Emergency Petition Aims to Save 32 Species
Posted on: Saturday, 14 June 2008, 18:00 CDT
An emergency petition seeking endangered designation for 32 species--some of which have not been seen in the country for years -- has been filed with the U.S. Fish and Wildlife Service.
WildEarth Guardians, a Santa Fe-based conservation group, filed the petition last week, seeking emergency protection. In some of the cases it may be too late, acknowledged Nicole Rosmarino, wildlife program director for the organization.
"Part of this is about scientific honesty," Rosmarino said in an interview. "And in some cases, listing under the Endangered Species Act could generate research funds that could be used to search for these species."
The 32 species listed in the petition were among a group of 674 species that were included in petitions the organization filed in 2007. Nearly a year has passed, and none of those species has been listed as endangered or threatened.
The petition seeks protection under the federal Endangered Species Act and contends that the 32 species are "all at the knife's edge of extinction. Given the locations of these species on either no or only one known site on earth, a single event -- whether from drought, flood, habitat destruction, pollution, exotic species, or other factors--could literally erase them from the world.

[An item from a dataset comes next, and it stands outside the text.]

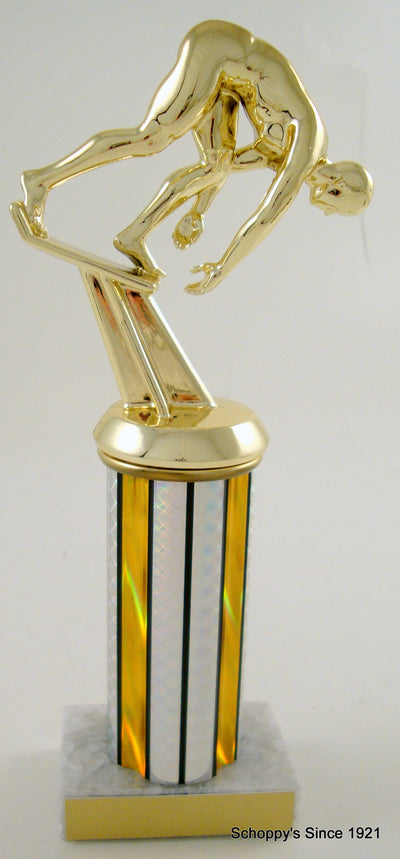 Swimmer Starter Block Trophy on Round Column-Trophies-Schoppy's Since 1921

The 32 are "the absolute rarest" of the 674, Rosmarino said. As an example, she pointed out that the San Bernardino springsnail didn't make the list, even though it was last seen at only one U.S. location in 2005 when it was being kept alive by workers using a garden hose. That's because the snail still exists in two locations in Mexico.
The Bush administration has been criticized for failing to act or rejecting petitions seeking designation under the act. Under President George W. Bush, an average of less than nine species have been listed yearly, and all were forced by lawsuits. The average was 58 listings per year under George H.W. Bush and 65 per year under President Bill Clinton, according to Rosmarino.
The petition seeks protection for a mayfly once found in Arizona and Mexico. It had not been seen since 1934 until a single specimen was found in 2005 in Gila County, Ariz. Also in the petition is the Salina mucket, a mussel that disappeared from the Rio Grande in 1972, but then three of them were found in 2003.
Rosmarino said the Salina mucket "is a good example of why it is premature to write off any of these 32 species as extinct. Fish and Wildlife should list them, search hard for them and protect them and their habitats."
The petition says some of the 32 species are members of "particularly at-risk groups of species, such as freshwater mussels, which are the most rapidly declining group of animals in North America."
"A lot of the species [in the petition] are aquatic species and reflect the serious problem of diminishing water in the West," Rosmarino said. "We are outrunning nature's boundaries and we ignore it at our own peril."
While some of these species have a narrow range, the "canary-in-the-coal-mine argument applies to most species," she said. "We must protect all native species because we don't yet know the consequences of any one of these species going extinct."
She added, "The passenger pigeon was gone nearly a century ago and in 2003 research showed that its elimination fundamentally changed eastern hardwood forests. That took a century to find out."